Please transcribe the data exactly as shown, skipping the images.

Raw data:
┌──
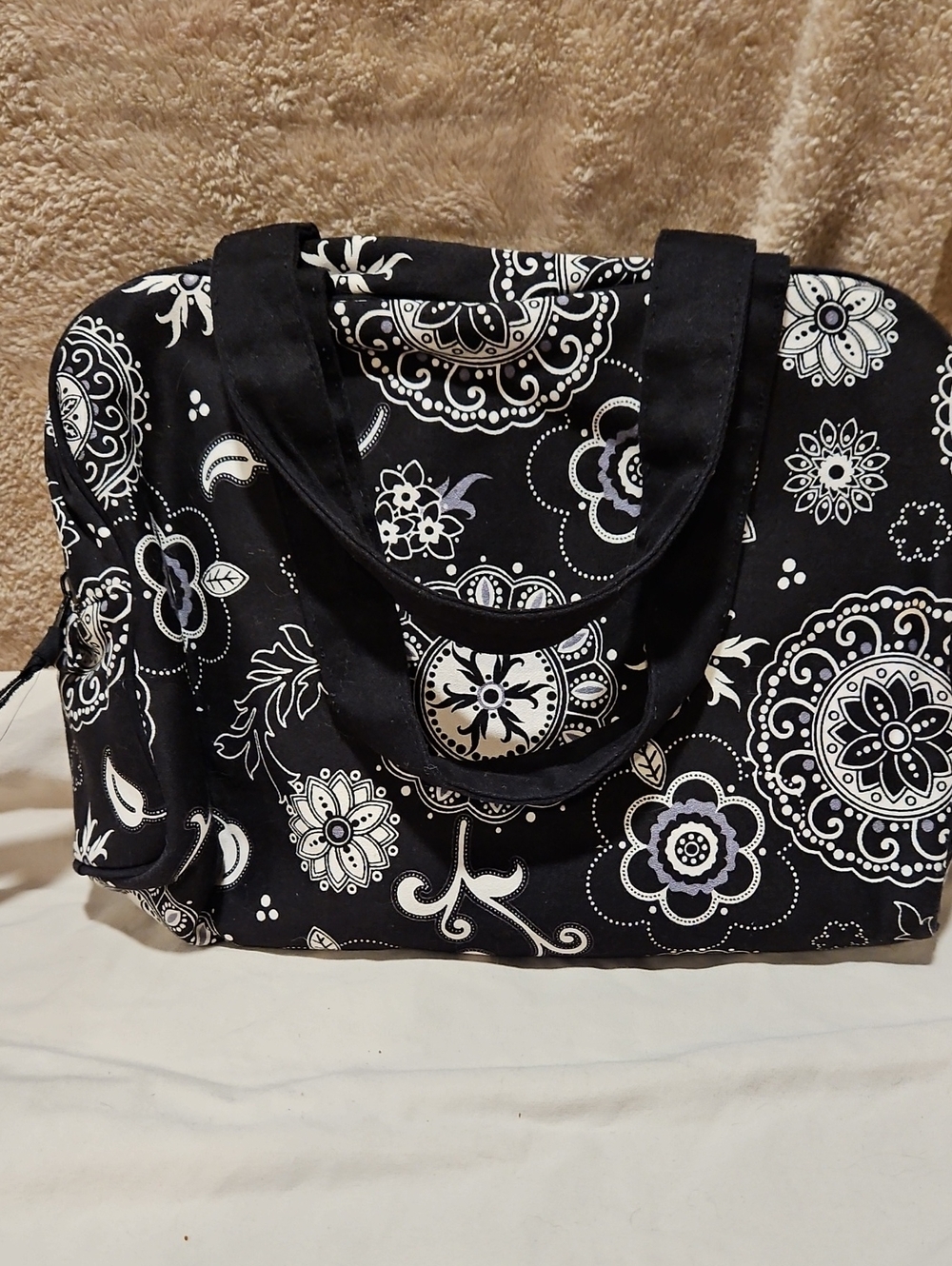 Thirty-One Gifts Large Zipper Pouch Onyx Medallion Black White Floral 12x8
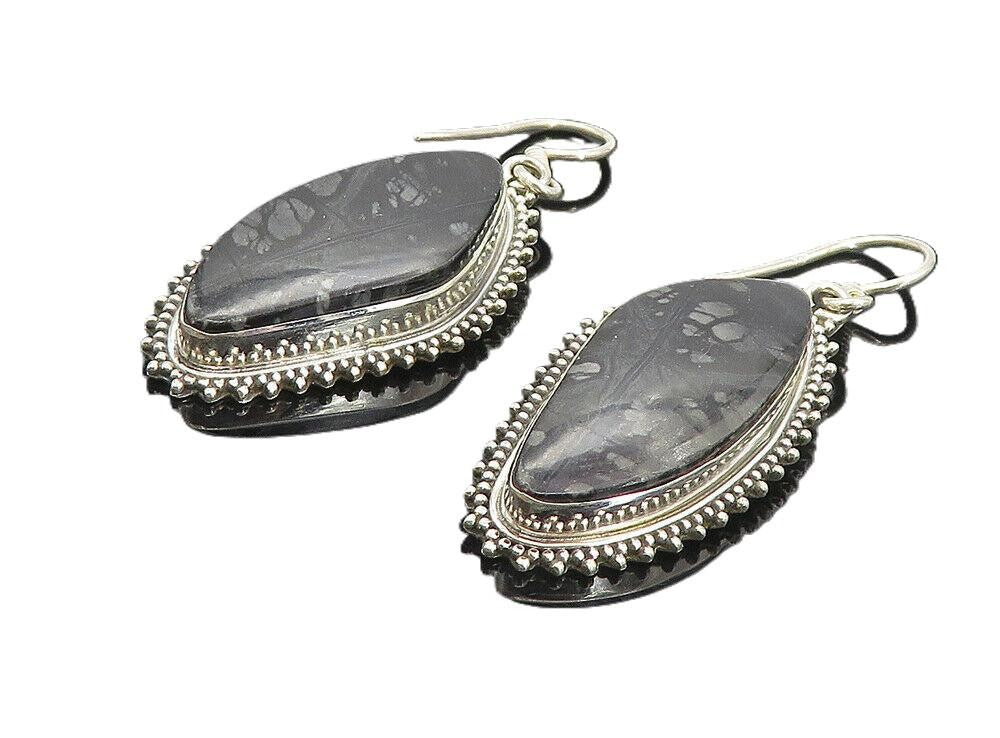 925 Sterling Silver  Vintage Black Jasper Bordered Dangle Earrings  EG3723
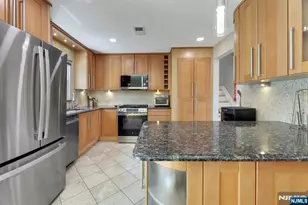 9-09 Elaine Terrace, Fair Lawn, NJ 07410 - Photo 17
└──
Answer section:
 Thirty-One Gifts Large Zipper Pouch Onyx Medallion Black White Floral 12x8
 925 Sterling Silver  Vintage Black Jasper Bordered Dangle Earrings  EG3723
 9-09 Elaine Terrace, Fair Lawn, NJ 07410 - Photo 17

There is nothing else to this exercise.